A California-based accounting firm and two of its partners settled charges with the Securities and Exchange Commission alleging “repeated failures” in conducting custody examinations for two SEC-registered investment advisers.
Farber Hass Hurley (FHH) and its partners Michel Abedian and Michael Hurley did not use proper attestation and compliance standards when conducting surprise examinations of clients, according to the SEC’s order filed Wednesday.
From 2017 through 2020, FHH was retained by two unnamed investment advisory firms to conduct custody exams, with Adviser A requiring FHH to retroactively conduct an exam for 2017 after it failed to obtain one.
“In conducting such examinations, the objectives of the accountant are to obtain reasonable assurance about whether the entity complied with the specified requirements in all material respects and to express an opinion thereon,” the order stated. “To comply with the requirements … accountants should obtain sufficient appropriate evidence to reduce attestation risk to an acceptably low level and thereby enable the accountant to draw reasonable conclusions on which to base the accountant’s opinion.”

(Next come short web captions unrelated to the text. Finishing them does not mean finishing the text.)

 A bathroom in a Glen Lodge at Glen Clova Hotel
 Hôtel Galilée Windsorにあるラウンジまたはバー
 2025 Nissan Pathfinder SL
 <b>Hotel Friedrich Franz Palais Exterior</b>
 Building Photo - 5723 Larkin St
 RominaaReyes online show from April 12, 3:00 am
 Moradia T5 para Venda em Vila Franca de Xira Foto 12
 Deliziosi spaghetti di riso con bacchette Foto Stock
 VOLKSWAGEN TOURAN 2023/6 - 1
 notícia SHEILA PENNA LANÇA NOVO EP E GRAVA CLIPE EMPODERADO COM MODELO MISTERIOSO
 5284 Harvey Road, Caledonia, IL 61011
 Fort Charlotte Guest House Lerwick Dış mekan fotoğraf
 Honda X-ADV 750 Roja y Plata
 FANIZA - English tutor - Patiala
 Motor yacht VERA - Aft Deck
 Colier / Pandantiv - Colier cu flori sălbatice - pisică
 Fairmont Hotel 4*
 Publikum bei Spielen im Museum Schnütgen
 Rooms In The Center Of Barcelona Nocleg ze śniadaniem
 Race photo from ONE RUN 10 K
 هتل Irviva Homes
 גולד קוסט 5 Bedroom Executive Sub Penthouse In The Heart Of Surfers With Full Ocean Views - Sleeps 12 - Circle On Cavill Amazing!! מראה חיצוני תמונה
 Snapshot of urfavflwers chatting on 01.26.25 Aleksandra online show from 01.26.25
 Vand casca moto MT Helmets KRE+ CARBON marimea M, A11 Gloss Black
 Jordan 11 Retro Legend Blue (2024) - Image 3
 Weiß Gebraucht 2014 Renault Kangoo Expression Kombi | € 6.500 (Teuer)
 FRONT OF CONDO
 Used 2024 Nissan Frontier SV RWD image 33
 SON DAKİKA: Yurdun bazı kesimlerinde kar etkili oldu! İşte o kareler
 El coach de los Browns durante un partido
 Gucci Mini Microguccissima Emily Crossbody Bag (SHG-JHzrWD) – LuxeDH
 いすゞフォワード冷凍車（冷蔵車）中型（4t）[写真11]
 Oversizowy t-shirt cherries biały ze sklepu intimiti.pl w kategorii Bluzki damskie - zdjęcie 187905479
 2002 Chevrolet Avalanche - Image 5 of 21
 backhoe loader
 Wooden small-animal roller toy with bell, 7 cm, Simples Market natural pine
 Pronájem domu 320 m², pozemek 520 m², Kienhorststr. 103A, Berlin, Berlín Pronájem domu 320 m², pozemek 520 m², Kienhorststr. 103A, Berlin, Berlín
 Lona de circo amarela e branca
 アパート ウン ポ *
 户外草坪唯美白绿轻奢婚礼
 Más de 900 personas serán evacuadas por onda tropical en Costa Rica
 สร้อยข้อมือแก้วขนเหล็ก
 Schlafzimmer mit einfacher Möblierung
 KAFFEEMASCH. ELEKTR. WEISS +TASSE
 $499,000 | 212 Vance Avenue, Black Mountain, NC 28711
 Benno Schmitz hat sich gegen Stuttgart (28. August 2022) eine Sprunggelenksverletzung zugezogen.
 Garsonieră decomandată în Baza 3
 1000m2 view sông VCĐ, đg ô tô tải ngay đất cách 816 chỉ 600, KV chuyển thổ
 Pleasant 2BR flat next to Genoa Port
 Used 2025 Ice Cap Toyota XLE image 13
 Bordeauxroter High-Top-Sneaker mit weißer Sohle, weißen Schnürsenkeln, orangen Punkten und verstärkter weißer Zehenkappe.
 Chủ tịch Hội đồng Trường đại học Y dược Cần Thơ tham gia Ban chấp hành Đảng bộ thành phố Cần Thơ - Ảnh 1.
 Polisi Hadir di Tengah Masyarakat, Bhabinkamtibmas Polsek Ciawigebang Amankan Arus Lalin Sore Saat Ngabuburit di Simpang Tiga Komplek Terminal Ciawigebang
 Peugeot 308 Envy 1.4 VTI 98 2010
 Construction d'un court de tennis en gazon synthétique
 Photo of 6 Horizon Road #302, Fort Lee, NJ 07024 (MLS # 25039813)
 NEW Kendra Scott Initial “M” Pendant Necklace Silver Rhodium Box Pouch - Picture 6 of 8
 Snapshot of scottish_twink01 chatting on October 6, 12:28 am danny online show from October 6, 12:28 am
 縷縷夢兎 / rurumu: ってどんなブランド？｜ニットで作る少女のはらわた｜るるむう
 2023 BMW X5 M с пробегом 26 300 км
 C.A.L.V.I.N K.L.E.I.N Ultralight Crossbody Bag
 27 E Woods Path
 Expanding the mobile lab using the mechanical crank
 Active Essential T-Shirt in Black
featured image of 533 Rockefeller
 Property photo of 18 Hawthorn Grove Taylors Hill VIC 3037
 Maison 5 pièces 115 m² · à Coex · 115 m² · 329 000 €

Abedian allegedly failed to confirm balances and transactions with custodial clients and to reconcile brokerage confirmations to adviser books and records. He did not “obtain sufficient appropriate evidence to support FHH’s opinion,” according to the order. Additionally, Abedian knew in 2017 and 2018 Adviser A had various internal control and books and records deficiencies but did not consider these deficiencies in designing attestation procedures for future exams of the client, according to the SEC.
Hurley failed to make an objective evaluation of the deficient judgments made by Abedian’s team, the SEC alleged, and should have known Abedian did not perform the confirmation and reconciliation procedures and failed to ensure sufficient procedures were performed.
Further, Hurley was involved in establishing FHH’s quality control policies and responsible for monitoring compliance with the policies, the SEC noted.
Without admitting or denying wrongdoing, FHH agreed to a censure. Abedian and Hurley agreed to be suspended from practicing before the SEC as accountants for two and one years, respectively. Upon reinstatement, both partners will be required to undergo independent reviews.
FHH did not respond to a request for comment.